Mistake in Contract Law: When Errors Affect Agreements
What Is a Mistake in Contract Law?
In contract law, a "mistake" has a specific meaning: it refers to an erroneous belief about a material fact that existed at the time the contract was formed. This is different from simply regretting a deal or miscalculating future outcomes. The mistake must concern a present or past fact, not a future prediction.
Types of Contractual Mistakes
Mutual Mistake
Both parties share the same false assumption about a basic fact. If the mistake materially affects the agreed exchange, the contract may be voidable by either party. The classic example is Sherwood v. Walker (1887), where both buyer and seller believed a cow was barren — it was actually pregnant, dramatically changing its value.
Unilateral Mistake
Only one party is mistaken. Courts are less willing to grant relief for unilateral mistakes unless the other party knew (or should have known) about the mistake, or enforcing the contract would be unconscionable.
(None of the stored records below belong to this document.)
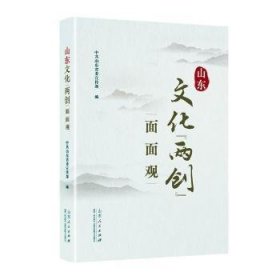 全新正版图书 山东文化“两创”面面观中共山东山东人民出版社9787209148573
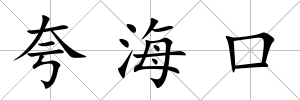 夸海口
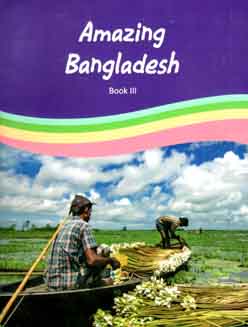 [9789843470294-1] Amazing Bangladesh : Book 3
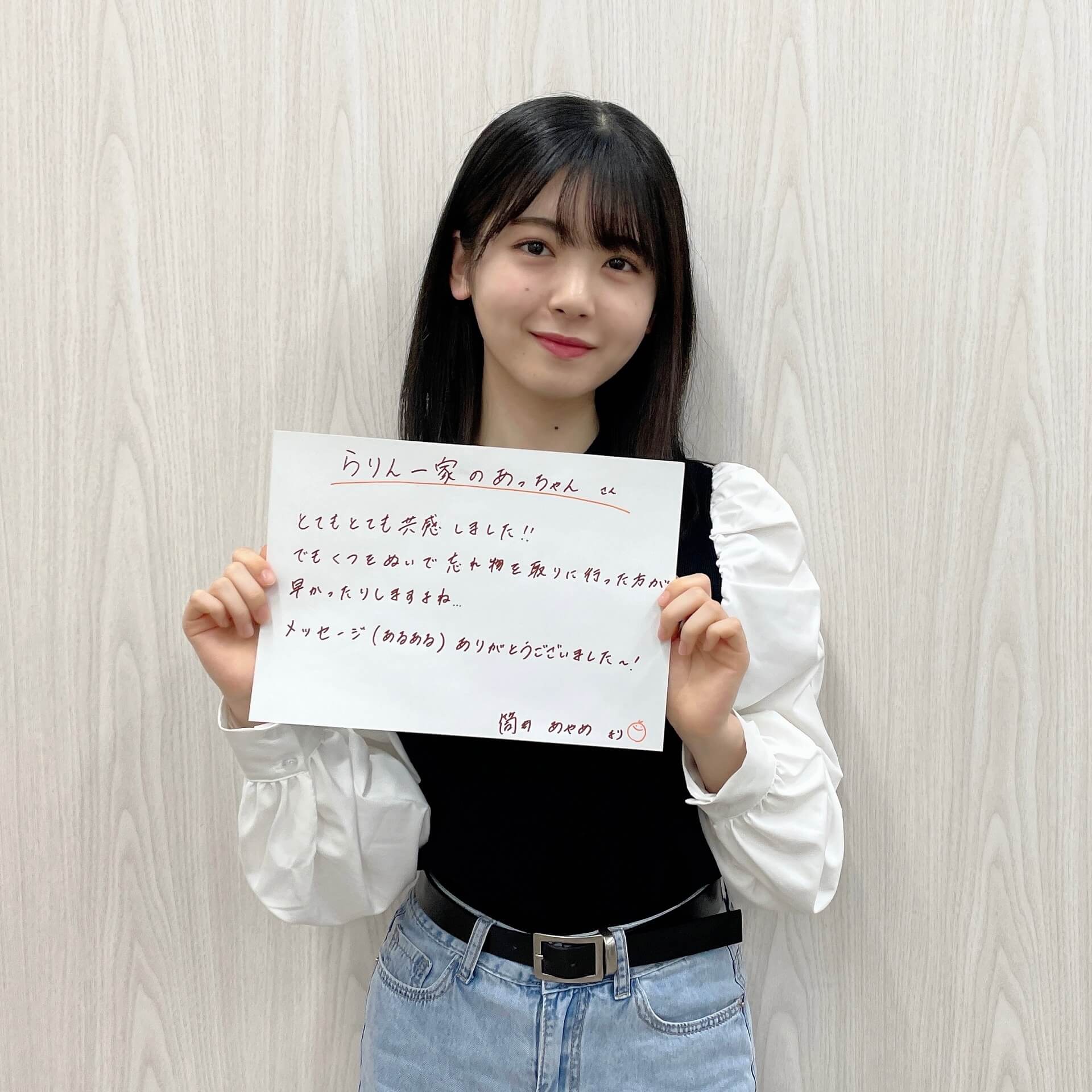 乃木坂46 柴田柚菜がお手本にしているメンバーは 文化放送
Clerical or Scrivener's Error
A typographical or drafting mistake that does not reflect the parties' actual agreement. Courts can reform (correct) the contract to match what the parties intended.
When Mistakes Don't Count
Courts generally will not void a contract for:
- Mistakes about the value or quality of the subject matter when both parties took that risk
- Errors in judgment or business decisions
- Failure to read the contract before signing
- Mistakes about future events (speculation)
Key Remedies
- Rescission — cancelling the contract entirely
- Reformation — correcting the contract to reflect the parties' true intent
When to Consult a Lawyer
Consider seeking legal advice if you discover a significant factual error in your contract that affects its core terms, as time-sensitive options for rescission may apply.
This article is for informational purposes only and does not constitute legal advice. Consult a licensed attorney for guidance specific to your situation.